BAAI/bge-large-zh
Property | Value |
---|---|
Parameter Count | 326M |
Embedding Dimension | 1024 |
License | MIT |
Paper | C-Pack: Packaged Resources To Advance General Chinese Embedding |
What is bge-large-zh?
BGE-large-zh is a state-of-the-art Chinese text embedding model developed by BAAI that excels in generating dense vector representations for Chinese text. It's specifically designed for tasks like semantic search, retrieval, and similarity computation, achieving top performance on the C-MTEB benchmark.
Implementation Details
The model utilizes a transformer-based architecture and has been trained using both RetroMAE pre-training and contrastive learning on large-scale paired data. It generates 1024-dimensional embeddings and supports sequence lengths up to 512 tokens.

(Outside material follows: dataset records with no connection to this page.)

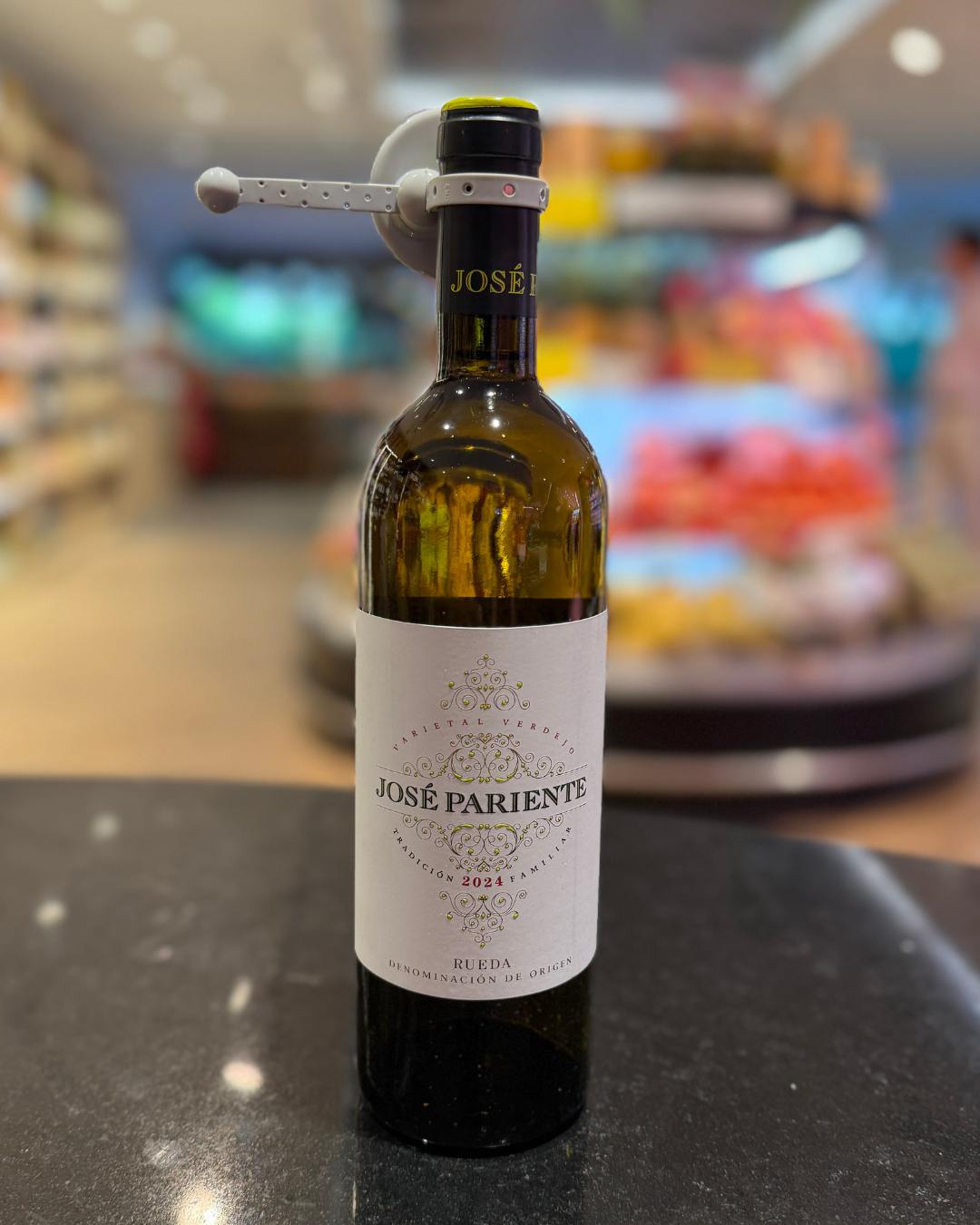 Vino José Pariente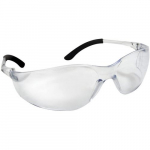 NSX Turbo Safety Glasses, Anti-Fog, Clear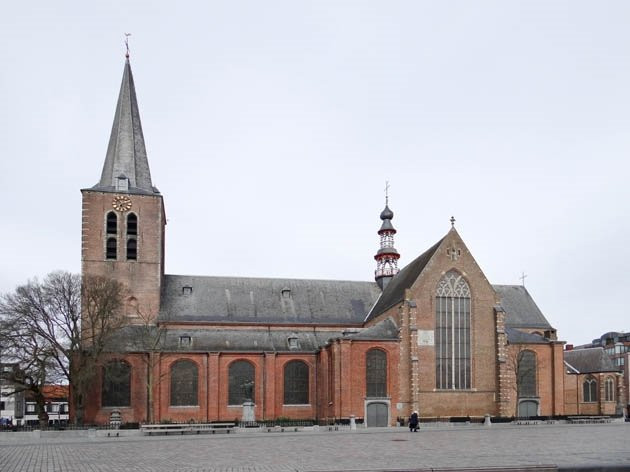Saint Peter's Church-腾尔浩特必去景点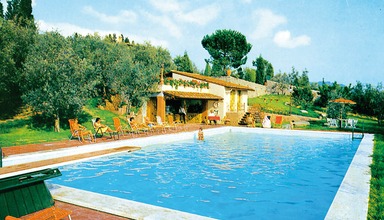 Villa Le Rondini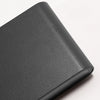 2 Light Black Modern Low Profile Exterior Porch Led Slim Outdoor Up Down Wall Light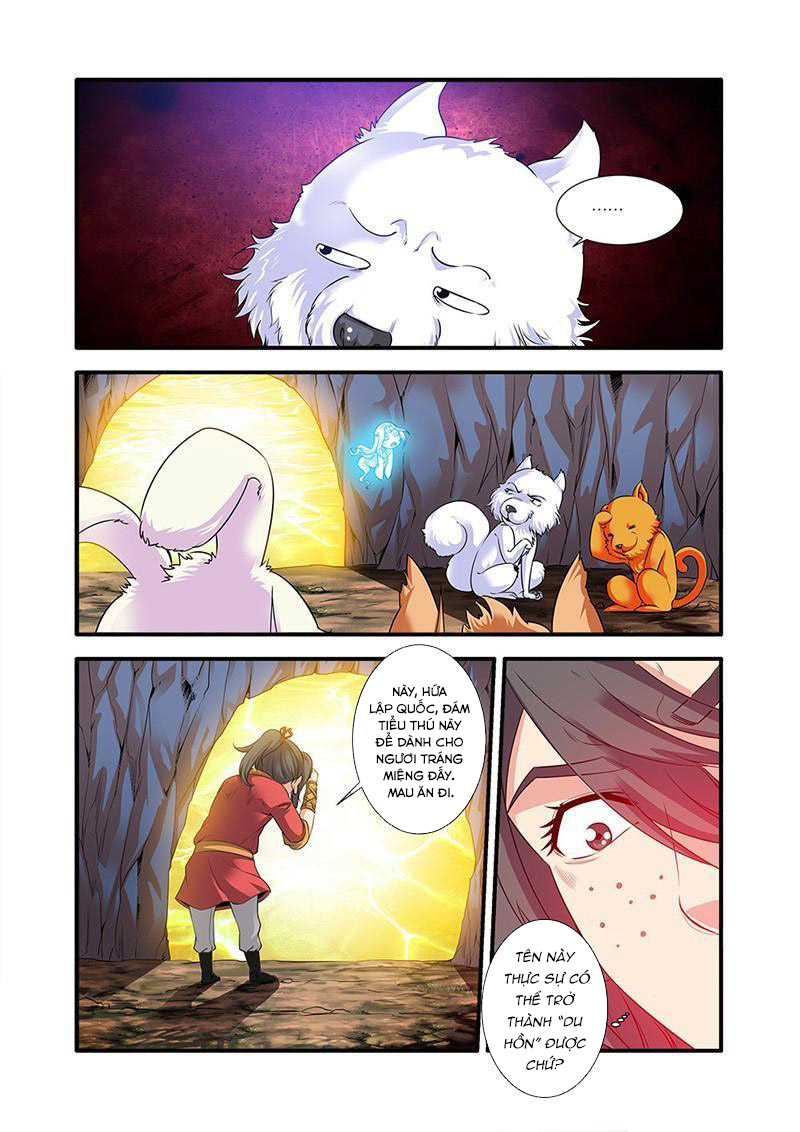 Tiên Nghịch Chap 62 - Next Chap 63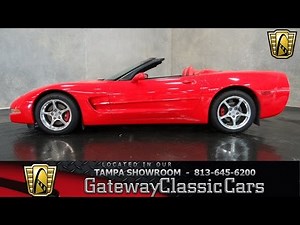 2000 Chevrolet Corvette
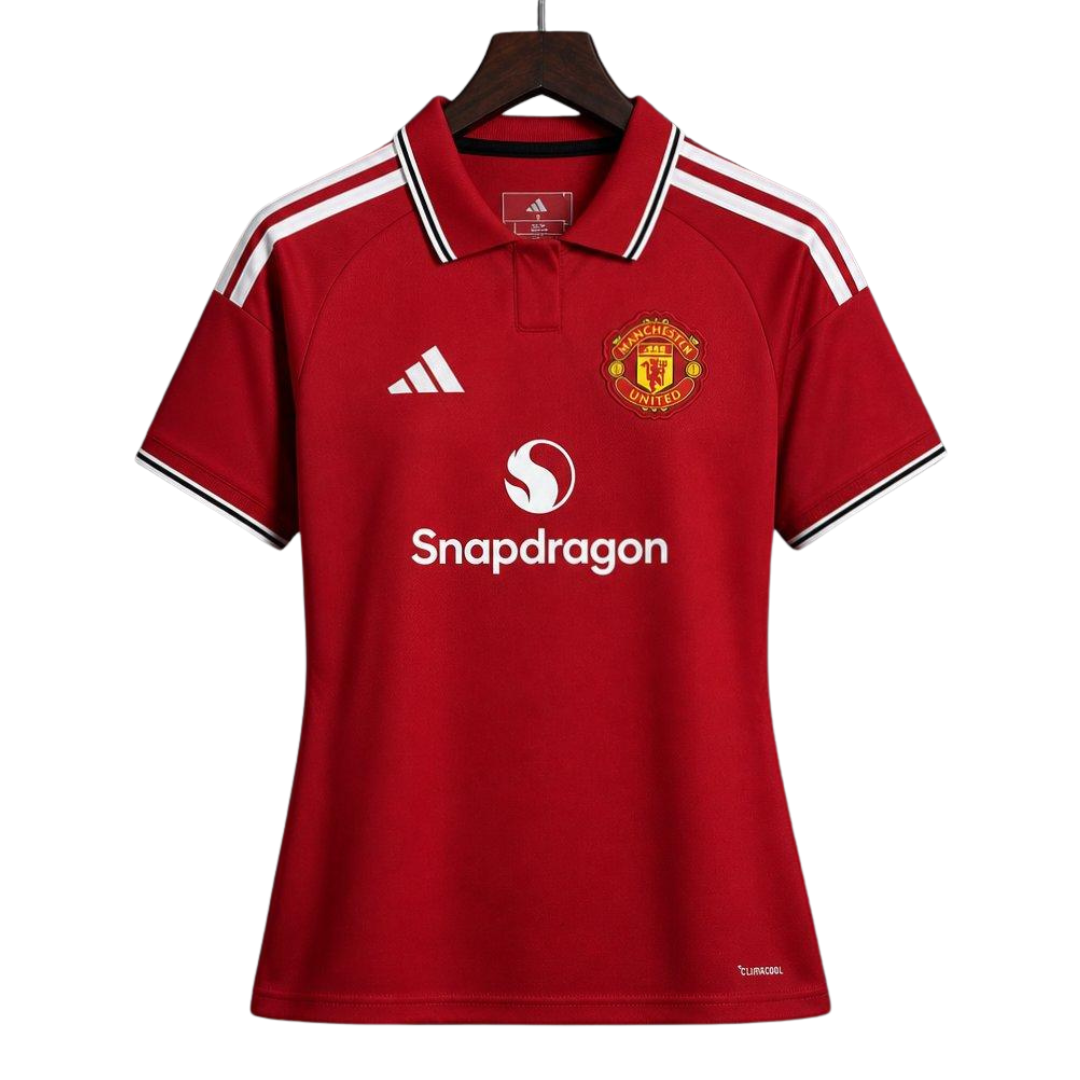 Manchester United 26/27 Home Woman Shirt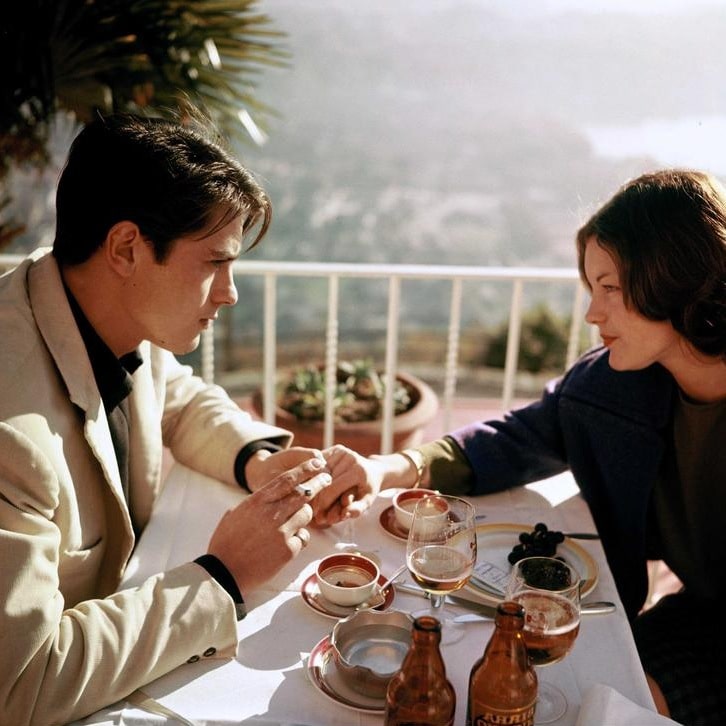 Alain Delon Alain Delon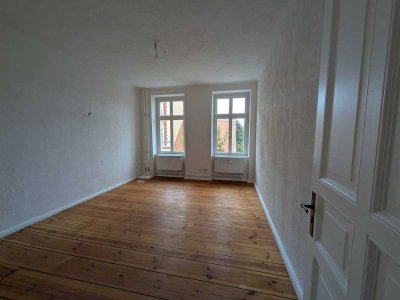 Charmante 2-Zimmer-Altbauwohnung in Babelsberg – frisch renoviert & bezugsfrei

- Optimized for both retrieval and similarity tasks
- Supports efficient inference with FP16 precision
- Includes special instruction-tuning for improved retrieval performance
Core Capabilities
- High-quality Chinese text embeddings generation
- State-of-the-art performance on C-MTEB benchmark
- Efficient similarity computation and semantic search
- Cross-lingual capabilities
- Support for both short and long text embedding
Frequently Asked Questions
Q: What makes this model unique?
BGE-large-zh stands out for its exceptional performance on Chinese text embedding tasks, ranking first on the C-MTEB benchmark. It's specifically optimized for retrieval tasks and includes special instruction-tuning capabilities that improve performance.
Q: What are the recommended use cases?
The model is ideal for semantic search, document retrieval, similarity calculation, and building vector databases for LLMs. It's particularly effective when used with an instruction prefix for query-passage retrieval tasks.